▸ EXERCISE DETAILS
Repeat all of the records word for word, but skip any picture.
──────────
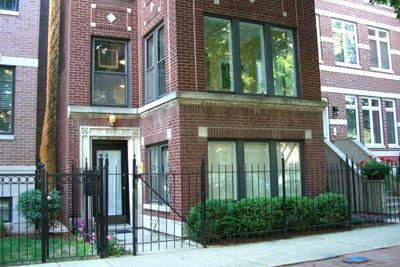 Front view of a brick multi-story residential building.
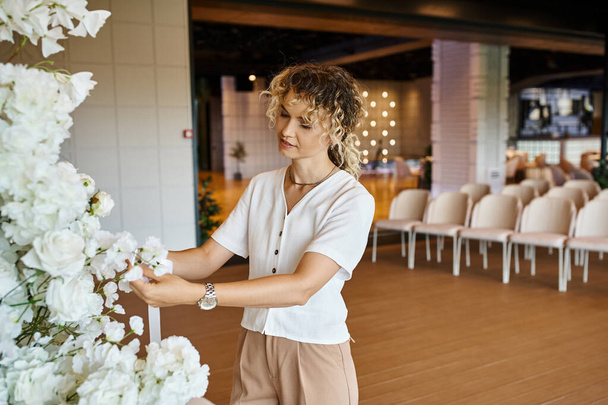 blonde florist with wavy hair arranging white floral composition in event hall, creative work - Photo, Image
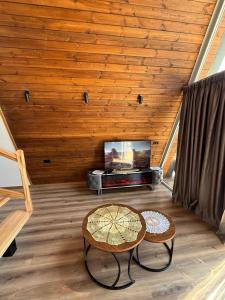 a living room with a table and a tv at Villas Çeremi in Maskollatë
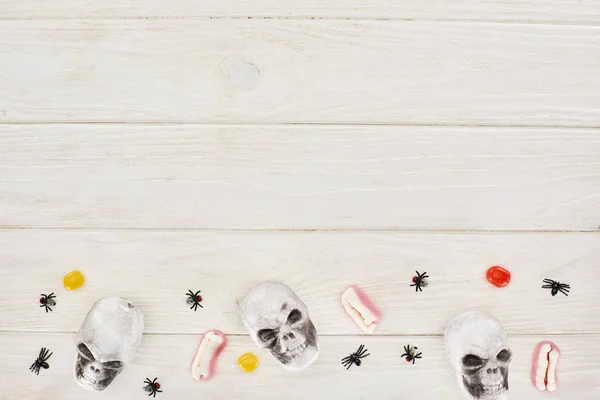 Vista superior de los bombones, dientes de goma, calaveras y arañas en la mesa de madera blanca con espacio para copiar, regalo de Halloween - foto de stock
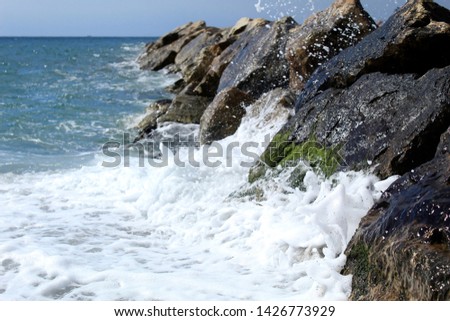 Wave breaking in the rocks of the breakwater. Water breaking in waves
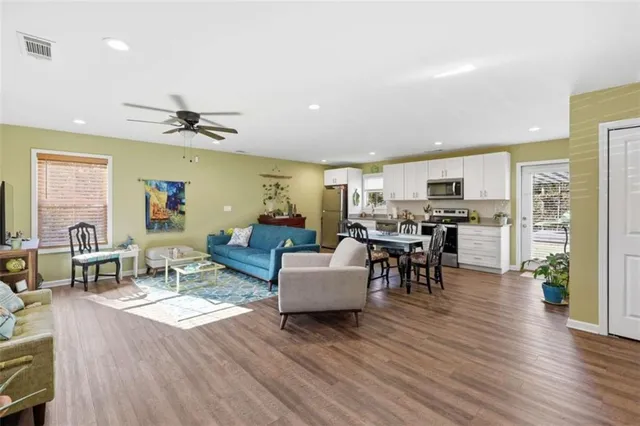 a living room with furniture and kitchen view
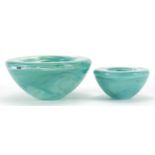 Kosta Boda, two Scandinavian green smoky glass bowls, the largest 17cm in diameter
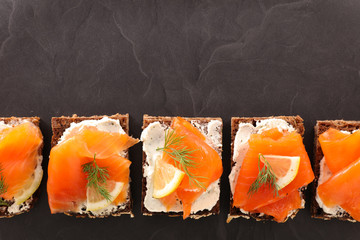 festive canape with cream and salmon, top view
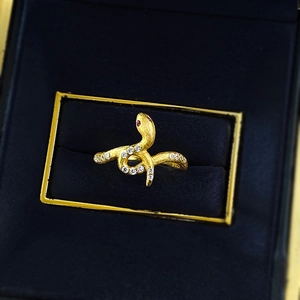 Elegant gold S925 sterling silver snake ring with white crystals and red gemstone eyes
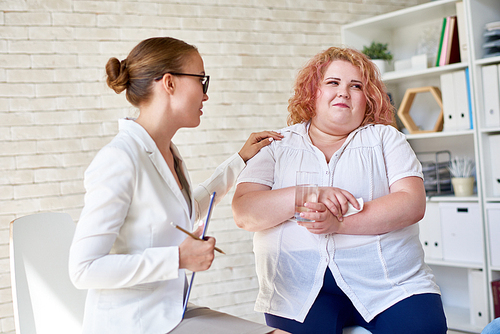 Portrait of  young woman  comforting  crying obese woman during therapy session on mental issues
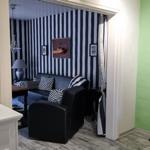 Black sofa with cushions against striped wall. Mirror and wooden table in background.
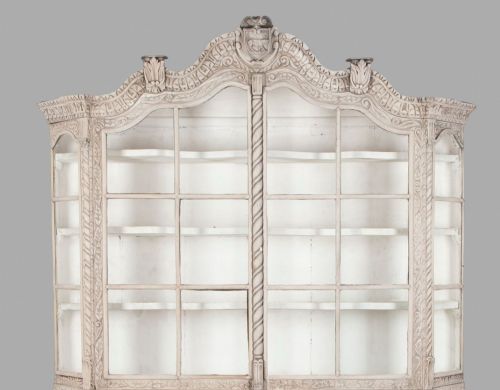 fig 4. A tall nineteenth-century Dutch carved pale oak display cabinet featuring a shaped crest, multi-pane glazed upper doors, and a bombe chest base with three relief-carved drawers on paw feet.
──────────
▸ COMPLETED EXERCISE
 Front view of a brick multi-story residential building.
 blonde florist with wavy hair arranging white floral composition in event hall, creative work - Photo, Image
 a living room with a table and a tv at Villas Çeremi in Maskollatë
 Vista superior de los bombones, dientes de goma, calaveras y arañas en la mesa de madera blanca con espacio para copiar, regalo de Halloween - foto de stock
 Wave breaking in the rocks of the breakwater. Water breaking in waves
 a living room with furniture and kitchen view
 Kosta Boda, two Scandinavian green smoky glass bowls, the largest 17cm in diameter
 festive canape with cream and salmon, top view
 Elegant gold S925 sterling silver snake ring with white crystals and red gemstone eyes
 Portrait of  young woman  comforting  crying obese woman during therapy session on mental issues
 Black sofa with cushions against striped wall. Mirror and wooden table in background.
 fig 4. A tall nineteenth-century Dutch carved pale oak display cabinet featuring a shaped crest, multi-pane glazed upper doors, and a bombe chest base with three relief-carved drawers on paw feet.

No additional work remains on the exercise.